Phosphatase activity assays were carried out at 20°C and 60°C as described in the Materials and Methods section. (A–B) Enzymatic reactions were carried out using 100 μM DiFMUP for 1 h with 10 nM purified recombinant Tk-PTP proteins in the 100 μL reaction buffer at pH 5.0 (A) or at the indicated pH levels (B). Tk-PTP, but not Tk-PTP(C93S), has dephosphorylating activity (A), which is optimum at pH 4.5–5.0 (B). (C) Kinetic parameters of 11 types of Tk-PTP proteins are listed. Enzymatic reactions were carried out with purified recombinant Tk-PTP proteins in 100 μL reaction buffer (pH 5.0). Production of DiFMU was detected by measuring fluorescence at 2 min intervals for 10 min, with DiFMUP concentrations of 50, 100, 250, 500, 1000, and 1500 μM. Initial velocity data at each substrate concentration were obtained by detecting the release of DiFMU between 2 and 10 min after the start of reaction, which was calculated from the slope of the each progress curve. Using these data, Michaelis-Menten curves shown in S6 Fig were obtained using the program OriginPro 8.0, by fitting the initial velocities against each DiFMUP concentrations to the hill equation with hill coefficient of 1. Subsequently, Lineweaver-Burk plots shown in S7 Fig were interpreted for the determination of Vmax, kcat and KM values.
Fig 6.
Characterization of thermostability of Tk-PTP.
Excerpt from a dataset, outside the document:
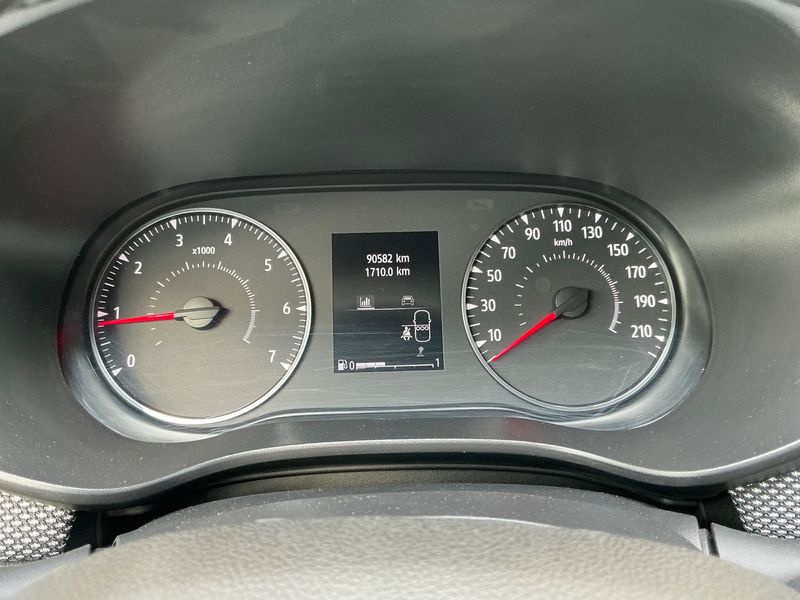 Dacia Jogger 1.0 TCe LPG Extreme+ — zdjęcie 13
(A) Melting points of three different constructs of Tk-PTP and four PTP proteins. All the measurements were carried out twice. (B) Number of intramolecular carbon−carbon contacts within 4.5 Å mediated by side chain atoms of Tk-PTP and three human DUSP proteins are analyzed and compared. “Hydrophilic functional group” includes imidazole of histidine, guanidinium of arginine, carboxylates of aspartate or glutamate, and amides of asparagine or glutamine. (C) Intramolecular interactions within Tk-PTP(form II) and DUSP3. The three hydrophobic residues of Tk-PTP that were substituted in A and the corresponding residues of DUSP3 are marked in red.
Fig 7.
Structural comparison with SsoPTP.
(A) Sequence alignment of Tk-PTP and SsoPTP. The secondary structure of Tk-PTP is shown together. Aligned residues are shaded green. The P-loop residues are presented in orange, and the GG motifs are highlighted by rectangles. (B) Structural alignment of Tk-PTP(form II) and SsoPTP in stereo views. Cα trace (top) and P-loop in sticks (bottom) of Tk-PTP(form II) are superimposed on those of SsoPTP. The P-loop and α4−α5 loop regions are indicated by dotted circles or rectangles, respectively (top). (C) The P-loop and α4−α5 loop regions of Tk-PTP(form II) are structurally compared to those of SsoPTP. Dotted circles highlight the guanidinium group of Arg127 of Tk-PTP(form II) or that of Arg130 of SsoPTP. Hydrogen bonds described in the main text are presented as dashed lines.